The book is structured in chapters, including the five which correspond to the main steps in the process: Establishing Criteria, Brainstorming, Compiling Names, Expanding Your Knowledge and Deciding on the Final Name.
Step 1: Establishing Criteria
The title says it all. If you don’t select a set of criteria which your name should meet, then it’s impossible to objectively determine if a name is appropriate for your business or not. Note, though, that naming a company is not an something that can be done 100% objectively.
Some criteria that you should take into account are the following:
Having a name that it’s easy to remember will help your prospective clients remember your business. Some criteria that play a role in memorability are: familiarity with the business name, rhyme, onomatopoeias or puns.
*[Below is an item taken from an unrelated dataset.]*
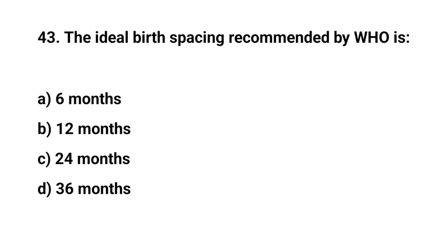Question number forty-three. The ideal birth spacing recommended by WHO is? The right answer is C: 24 months.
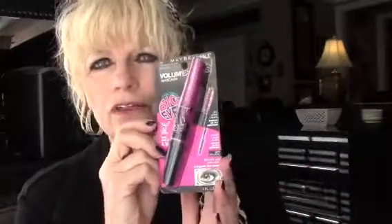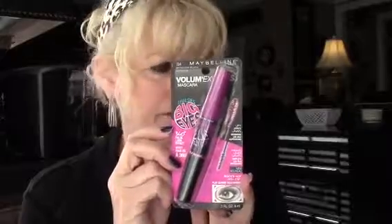Next, I got the Maybelline Volume Express mascara. I've been seeing several ladies on YouTube show this one — one side is for the bottom lashes and the top one is for the top lashes. I'm going to try that because I'm always getting it on me. I got it in brownish black and I hope that's the right color.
Having a name that is aligned with what the business does also helps.
Spelling and Pronunciation
The name should be easy to spell and to pronounce. A name that is difficult to spell may be more unique, but may be a nightmare when it comes to telling the name to customers. In terms of saying the name out loud, if it’s difficult to pronounce and people feel self-conscious, it’s more likely that they will not use it.
What kind of names are used in your industry? For example, in the case of website design, many businesses have the owner’s name, others use a pattern similar to mine (Name of something + Studio) and some include words such as design or web / website. Having a name that is aligned to what is common in the industry may make it more memorable, but on the other hand, it will blend with the rest and not be so distinctive.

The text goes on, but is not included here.